Blade or airfoil designs are normally made in two steps, and the lectures are accordingly grouped into two parts.
In the first part, optimisation of the target pressure and velocity distributions are discussed taking into account the required
performance and the loss mechanisms in the boundary layer. Both direct optimisation resulting from an inverse boundary layer
calculation. and an iterative optimisation by minimisation of the losses are presented. It is clear from both procedures that
inclusion of off-design operation is one of the greatest difficulties involved in blade or airfoil optimisation.
The second part of the course gives an overview of the numerous inverse blade design methods that have been developed both
for turbomachinery and aeronautical applications. This ranges from simple parameter definitions of two-dimensional cross-
sections to the full three-dimensional definition of wings and blade channels. The more academic interest of a detailed
numerical definition of arbitrary shapes conflicts here with the mechanical constraints imposed by the industrial manufacturer.
The methodology to account for a large number of constraints, as required in inverse designs and optimisations, is also
discussed and is illustrated by results from numerous applications discussed in the last group of lectures.

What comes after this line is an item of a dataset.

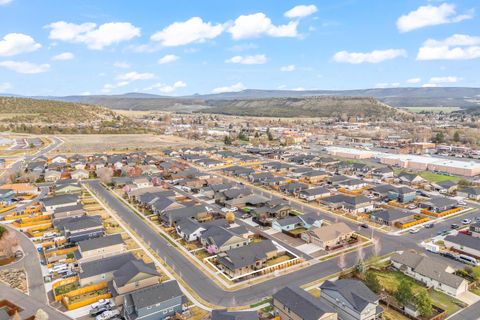 Tiny photo for 650 NE Union Loop, Prineville, OR 97754 (MLS # 220217802)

One of the objectives of this short course is to exchange views and to promote a discussion between turbomachinery and
aeronautical designers. Most designers are active only in one field of application and are not aware of publications by the other
group. However. boundary layer calculation methods. potential flow and Euler solvers are almost directly applicable to both
single blades and multiple blade rows. It is therefore surprising that this kind of discussion is not more frequent.